# Task prompt:
Only the lines from the one with "Replacement Battery Compatible" to the end of the data below should be returned, each exactly as it stands.

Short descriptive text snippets
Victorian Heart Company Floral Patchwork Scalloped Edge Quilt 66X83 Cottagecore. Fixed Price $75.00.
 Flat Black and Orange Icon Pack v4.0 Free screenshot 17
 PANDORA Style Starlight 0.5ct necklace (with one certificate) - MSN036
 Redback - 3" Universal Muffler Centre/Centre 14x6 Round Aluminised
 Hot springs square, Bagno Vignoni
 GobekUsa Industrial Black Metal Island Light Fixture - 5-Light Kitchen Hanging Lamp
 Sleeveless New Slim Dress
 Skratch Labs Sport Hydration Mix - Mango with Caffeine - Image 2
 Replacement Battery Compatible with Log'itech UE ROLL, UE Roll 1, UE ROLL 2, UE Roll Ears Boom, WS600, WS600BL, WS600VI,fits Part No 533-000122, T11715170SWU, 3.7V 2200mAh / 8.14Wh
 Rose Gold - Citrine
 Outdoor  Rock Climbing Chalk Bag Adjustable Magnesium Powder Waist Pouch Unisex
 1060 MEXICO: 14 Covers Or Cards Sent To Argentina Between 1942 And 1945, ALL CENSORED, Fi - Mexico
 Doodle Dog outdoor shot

# Reply:
 Replacement Battery Compatible with Log'itech UE ROLL, UE Roll 1, UE ROLL 2, UE Roll Ears Boom, WS600, WS600BL, WS600VI,fits Part No 533-000122, T11715170SWU, 3.7V 2200mAh / 8.14Wh
 Rose Gold - Citrine
 Outdoor  Rock Climbing Chalk Bag Adjustable Magnesium Powder Waist Pouch Unisex
 1060 MEXICO: 14 Covers Or Cards Sent To Argentina Between 1942 And 1945, ALL CENSORED, Fi - Mexico
 Doodle Dog outdoor shot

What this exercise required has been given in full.